In un articolo apparso due settimane dopo, dal titolo: "La resistenza non è finita", Mario Ferrara scriveva ancora:

»La resistenza non è finita; essa sta per mutarsi da fatto morale in fatto politico; e sta per diventare il partito degli uomini liberi. Un partito senza tessere, senza congressi e senza ordini del giorno; il partito degli italiani liberi e dissidenti, non disposti per dispetto o amore verso la democrazia cristiana, o per amore o dispetto di Togliatti, a rinunciare agli ideali per i quali hanno sofferto e sperato; ma disposti piuttosto a combattere, senza paura né tregua, contro la nuova banda di retori gozzovigliatori che, per la seconda volta, si va istallando nella nostra casa .

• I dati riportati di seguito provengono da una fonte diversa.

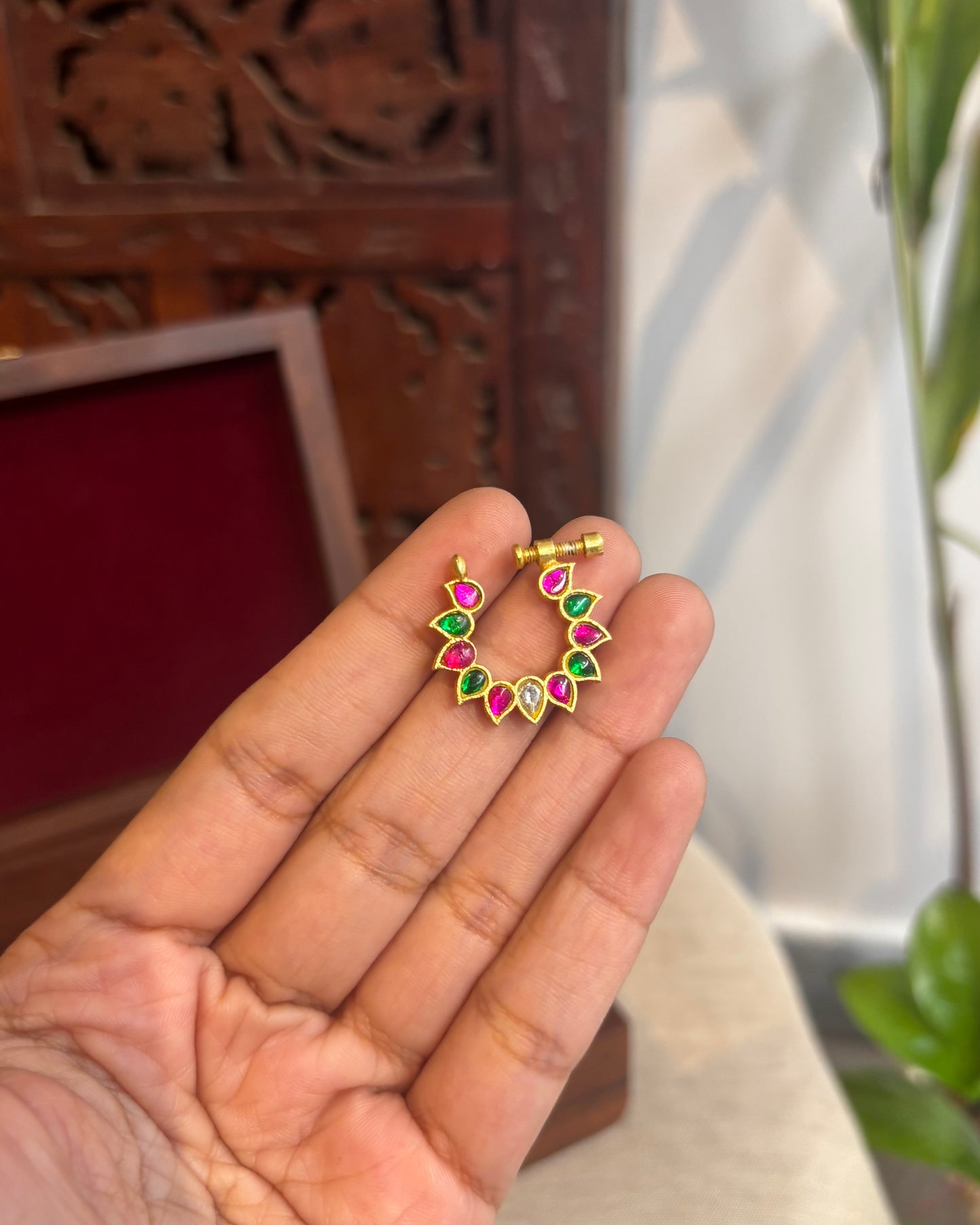 Intricate Floral Nosepin | NP077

Quest'istanza di una unitaria presenza politica delle forze che più intimamente sono legate alle maggiori e più originali tradizioni culturali del paese, è posta in particolare evidenza anche da Leone Cattani, nell'articolo "L'arbitro e i fantasmi" (3 settembre '49): »Fuori di ogni equivoco, si chiami o no terza forza, è indispensabile in Italia una formazione politica democratica di larga e genuina ispirazione liberale, consapevolmente riformatrice secondo lo spirito moderno e i bisogni reali del paese e tuttavia (non si pensi a ritorni anticlericali che nessuno desidera) libera da ogni soggezione confessionale.

»Potranno darle vita insieme liberali, repubblicani e socialisti non vincolati alla dottrina marxista; sono le stesse correnti che, all'avvento della Terza Repubblica, dettero vita al partito radicale e governarono la Francia per oltre mezzo secolo .

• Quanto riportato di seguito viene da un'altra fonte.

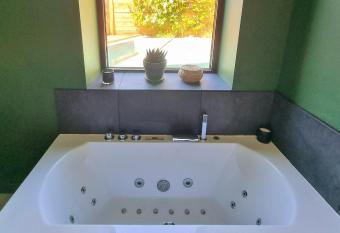 Les   curies de St leu - Sauna et baln  oth  rapie allows 18 year olds to book a room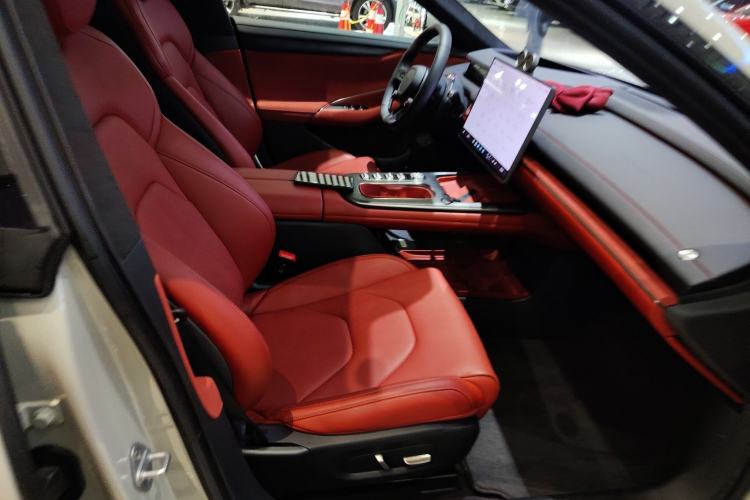 Used Xiaomi Auto SU7 2024 Four-Wheel Drive Ultra-Long Range Advanced Intelligent Driving Max Edition Right Front Seat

Queste proposte di carattere palesamente politico, si inserirono, ne »Il Mondo , in un più generale contesto culturale. La sobrietà e la polemica senza isterismi erano caratteristica costante del giornale, che diede un vastissimo contributo d'opinione alle problematiche più attuali. Le inchieste di Ernesto Rossi contro i »padroni del vapore e contro i monopoli, quelle di Giorgio Galli sui sindacati, di Giacomo Perticone sui partiti, di Ignazio Weiss sulla stampa, di Antonio Cederna sul deturpamento dei centri storici, costituivano un continuo prezioso apporto ideologico; per la »questione meridionale , anticipata dagli studi critici del Salvemini, Pannunzio chiese la collaborazione di autorevoli meridionalisti: »Il Mondo fu il primo giornale ad affrontare, con concretezza e non con superficialità, i drammatici problemi economici e sociali che affliggevano e affliggono tuttora il Mezzogiorno.